Broadband Network System: In the grid computing environment, in order to make computing power, "i-even", the user gets a delayed, reliable communication service, requires high quality broadband network system support.
Resource Management and Task Scheduling Tools: Computing Resource Management Tools To resolve key issues such as the description, organization and management of resources. The role of the task scheduling tool is based on the load of the current system, dynamically scheduling the task within the system, and improves the operating efficiency of the system. They belong to the middleware of the grid computing.
Monitoring Tool: To make full use of resources in grid calculations, performance analysis and monitoring tools.
Application layer visualization tool: convert the calculation result into a tool for intuitive graphics information.
Grid calculation keyword
Computing grid is a software and hardware combination of base underlying structures, which can be reliable, consistent, universal, and low price use high-level computing power. Computer resources can be redistributed as needed by one virtual platform based on grid computing.
"Basic underlying structure": Computing grid is used for large-scale resource mergers. This combination requires a valid hardware base underlying structure to complete the necessary interconnect and effective software base underlying structures to monitor and control results.
"Reliable": Reliable service is the most basic requirement. To make sure the message received from different parts of the user is pronounced, continuous, and high performance.
"Consistency": Grid computing requires standardized service, standard access interface and standard parameter operation. The challenge of development standards is how to package differences without affecting efficient implementation.
"Universality": Regardless of how to change the operating environment of the grid, the universal access method can use reliable service. Universality does not require resource everywhere or everywhere. Computing grid uses restriction accesses and access control methods. In the environment supported by the grid, you can rely on global access (Universal Access).
"Lower cost": grid calculation can be widely received and used, and the comparison cost of grid calculation should be lower. "Resource Concentration": Grid computing makes the company's users can see the company's entire IT infrastructure as a computer, which can find resources that have not been utilized according to their needs.
"Data Sharing": Grid Computing Enables companies to access remote data. This is especially useful for certain life sciences projects, because in these projects, each company needs to share human gene data with other companies.
"Grid Collaboration": Grid computing enables organizations that are widely dispersed to cooperate, integrate business processes, sharing all information such as engineering blueprints to software applications.
Where is the grid calculation?
The application requirements for high performance calculations make computational power cannot be obtained on a single computer, so super computing power must be obtained by building a "network virtual supercomputer" or "yuan computer". In the early 1990s, according to the situation in which the host on the Internet, the utilization did not improve, the US National Science Foundation (NFS) constructed its four supercogramping centers as a meta computer, gradually developed to the study Most challenging parallel issues.

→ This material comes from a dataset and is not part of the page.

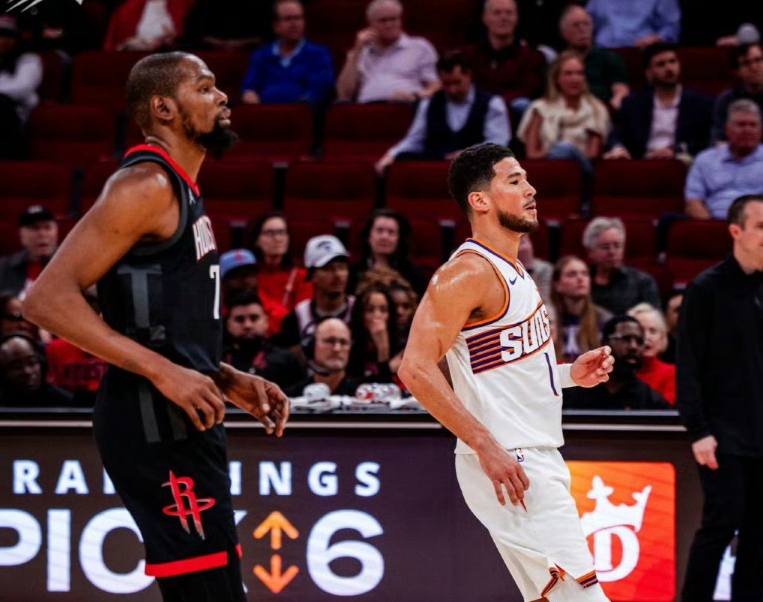 欧亿体育入口-年满37岁，场均出战39分钟！本想抱团走捷径，看来本赛季有点悬了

Grid computing through various types of computer (including chassis), databases, various devices, and storage devices, etc., forms a virtual high-performance computing environment relatively transparent to users, including distributed computing, high throughput Many features such as calculation, collaborative engineering and data query. Main application of grid computing
The grid calculation was in the field of scientific research in the 1990s. To date, now, grid computing is mainly used by universities and research laboratories for high performance calculated projects. These projects require huge computing power, or need to access a lot of data. The application of grid computing is very wide range: the rapid analysis of satellite images, the design, biological information scientific research, super video conferencing, manufacturing design and production, digital library and general business applications. The earliest mesh calculation in IT is the e-commerce application that supports all industries. For example, the production requirements of complex products such as airplanes and cars are calculated on product design, product assembly and product lifecycle management. Other application examples also include simulations of complex financial environments, as well as many projects in life sciences. At present, grid computing has gradually been used by corporate and government for IT optimization, analysis & acceleration, information access, engineering design, and design collaboration.
Enterprises that require high-speed processing performance in design, research and analysis work, have also begun to pay attention to this new resource. The purpose of grid calculation is as follows: genetic research; drug research; cutting-edge design projects such as automotive and spaceplanes; and special effects of entertainment industry.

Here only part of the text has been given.